Broken Ankle Q & A
Ankle Fractures (Broken Ankle)
We live in a population that is increasingly active. Fueled by the large number of active folks who aren't letting the aging process slow them down, cases of ankle fractures have increased dramatically in the past 25 years.
So what exactly is a broken ankle, and how long does it take to recover from the injury?
What Is a "Broken Ankle"?
When we reference a "broken ankle", we are talking about what is known technically as an "ankle fracture". Essentially, this means that a bone in the ankle joint is broken.
Fracturing your ankle may consist of a single break in a single bone, or more than one break. So, the impact on your daily life (and athletic pursuits) will vary depending on whether you have a simple break which will prohibit you from walking, or several fractures that could have you out of commission for a few months.
Let's put it this way: more bones broken = more instability.

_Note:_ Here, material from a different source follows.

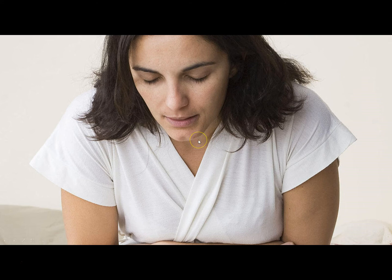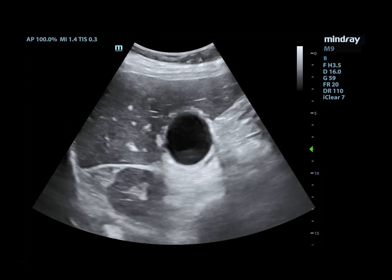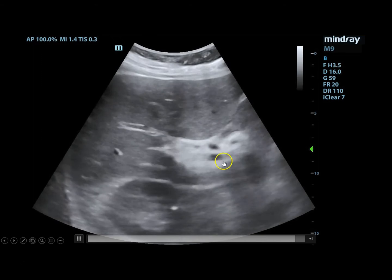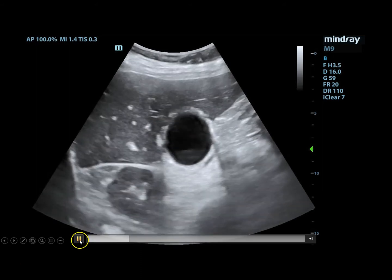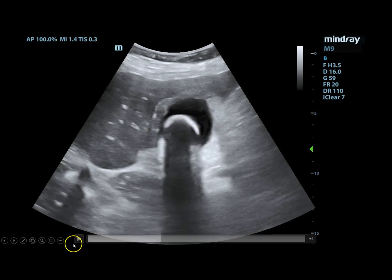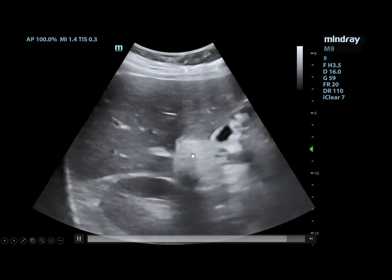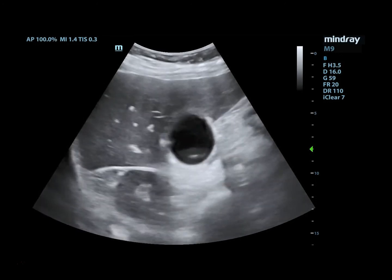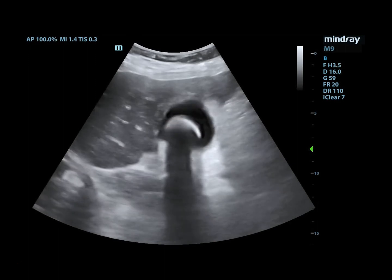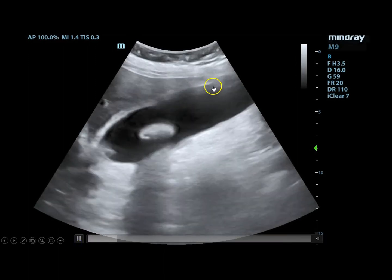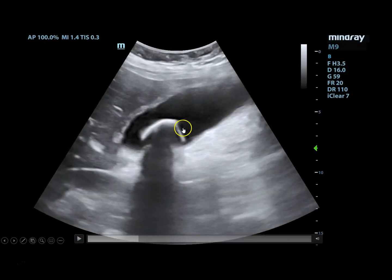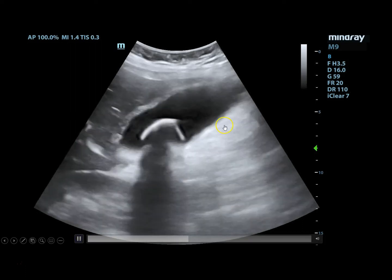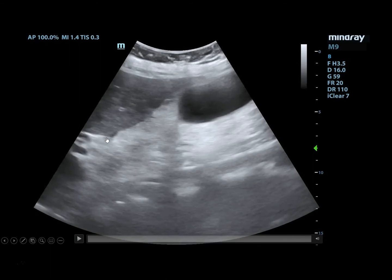A young woman complaining of severe right upper quadrant pain undergoes a quick bedside ultrasound. In the short-axis view, unlike last time where the lumen looked anechoic, there's a bright structure causing shadowing — a giant gallstone. In the long-axis view, you can see the gallstone that is bright and shadowing. Sweeping all the way to the neck, there is no pericholecystic fluid — fluid around the gallbladder — which would be concerning for cholecystitis.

This stands to reason. If your injury includes more than one broken bone, it's going to take a bit longer to recover.
We also have to take into consideration whether ligaments have been damaged. The function of the ligaments in the ankle are to keep the bones and joints of the ankle in their proper position.

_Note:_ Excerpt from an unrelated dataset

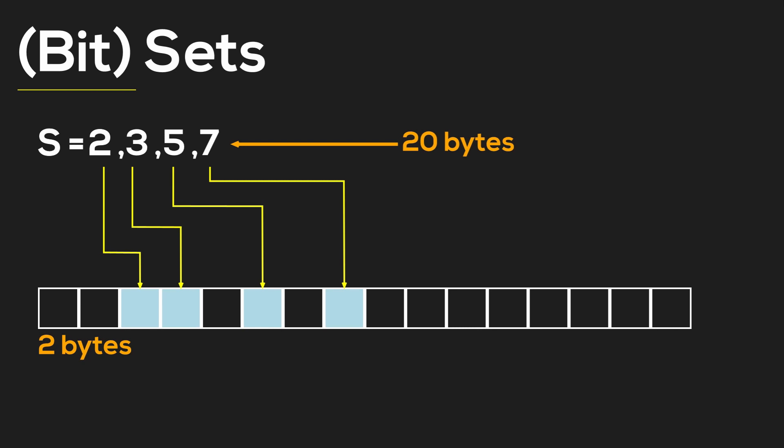Some CPUs also have special types of instructions that make the operations even faster.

How Many Bones are There In The Human Ankle?
Let's talk about the specific bones we have to worry about. Our ankles have the following three bones:
The tibia, otherwise known as the "shin bone". This bone forms the medial (inside) portion of the ankle if we look at it from the front (anterior).
The Fibula, which is a smaller bone located in the lower leg. This bone forms the lateral (outside) portion of the ankle
The Talus, which is a smaller bone located between the tibia and fibula and the calcaneus (otherwise known as the heel bones). The talus forms the "underneath" section of the ankle.
Within the tibia and fibula are these specific areas of interest:
The inside portion of the tibia, otherwise known as the "medial malleolus"
The back portion of the tibia, otherwise known as the "posterior malleolus"
The ending section of the fibula, or the "lateral malleolus."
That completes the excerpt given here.